┌────────

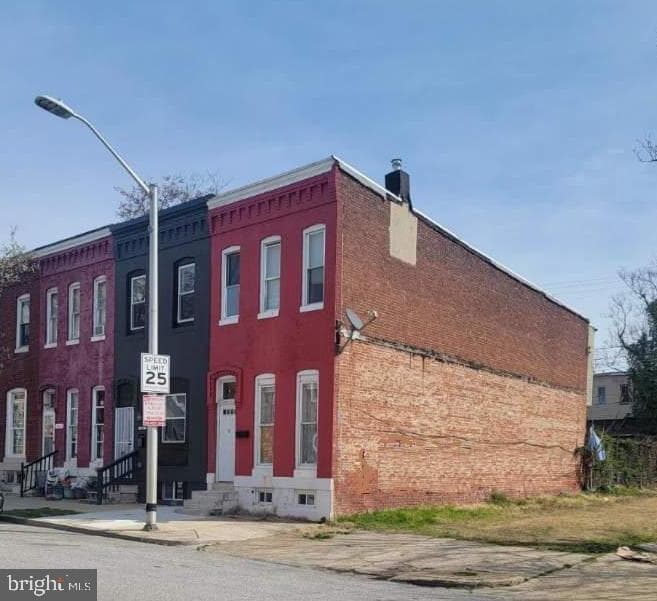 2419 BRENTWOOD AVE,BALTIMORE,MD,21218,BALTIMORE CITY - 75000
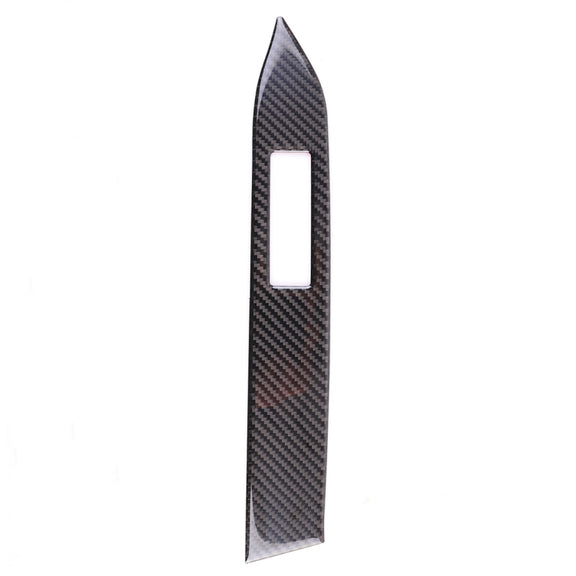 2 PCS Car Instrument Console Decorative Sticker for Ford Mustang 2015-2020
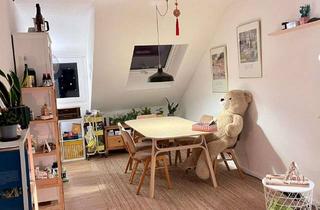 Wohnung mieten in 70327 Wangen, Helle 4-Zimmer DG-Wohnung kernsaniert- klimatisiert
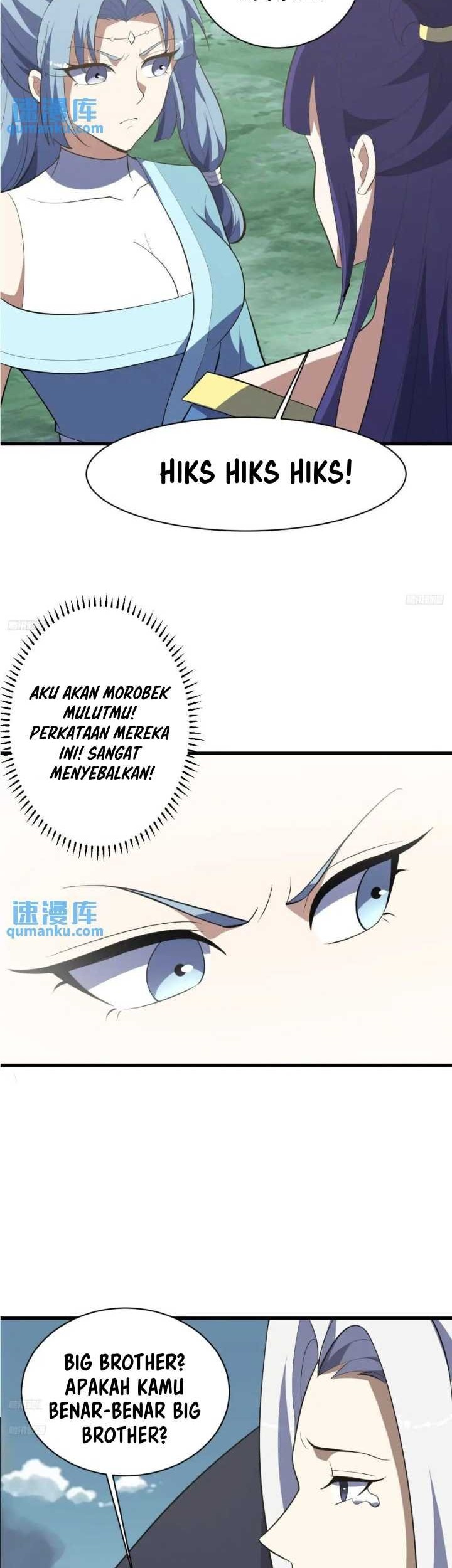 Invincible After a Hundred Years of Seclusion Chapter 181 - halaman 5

└────────

WORK REQUEST ▸ Reproduce the material word for word, pictures excluded.

YOUR SOLUTION ▸
 2419 BRENTWOOD AVE,BALTIMORE,MD,21218,BALTIMORE CITY - 75000
 2 PCS Car Instrument Console Decorative Sticker for Ford Mustang 2015-2020
 Wohnung mieten in 70327 Wangen, Helle 4-Zimmer DG-Wohnung kernsaniert- klimatisiert
 Invincible After a Hundred Years of Seclusion Chapter 181 - halaman 5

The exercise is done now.